[[ DATA SEGMENT open ]]
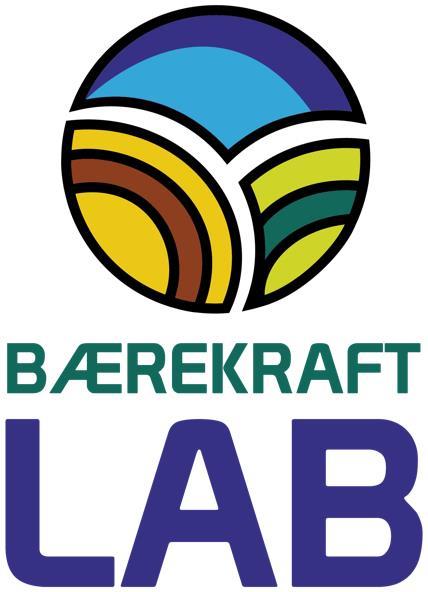 Bilde av logo BærekraftLAB - Klikk for stort bilde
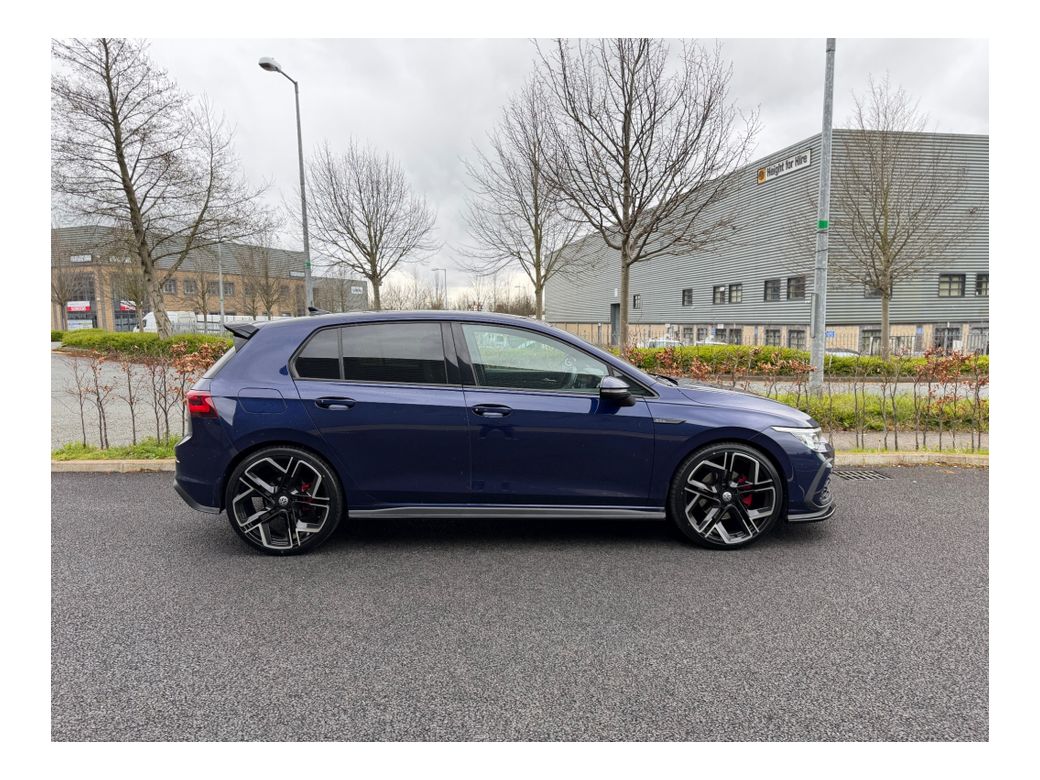 2021 Volkswagen Golf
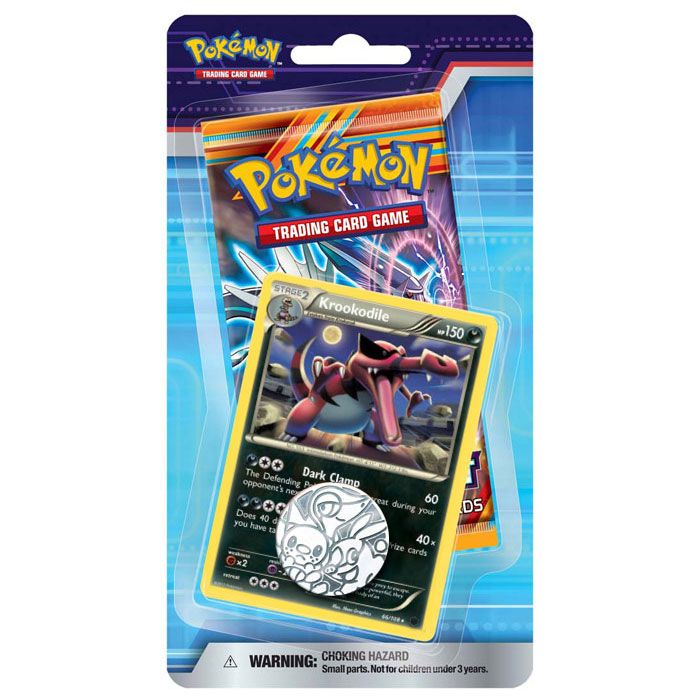 Black & White: Plasma Blast - Single Pack Blister (Krookodile) | Devastation Store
[[ DATA SEGMENT closed ]]
# AIM OF THE TASK
Could you write out exactly the lines from the line containing "2021 Volkswagen Golf" to the end of the material, and nothing else? No pictures belong in the copy.

# WRITTEN REPLY
 2021 Volkswagen Golf
 Black & White: Plasma Blast - Single Pack Blister (Krookodile) | Devastation Store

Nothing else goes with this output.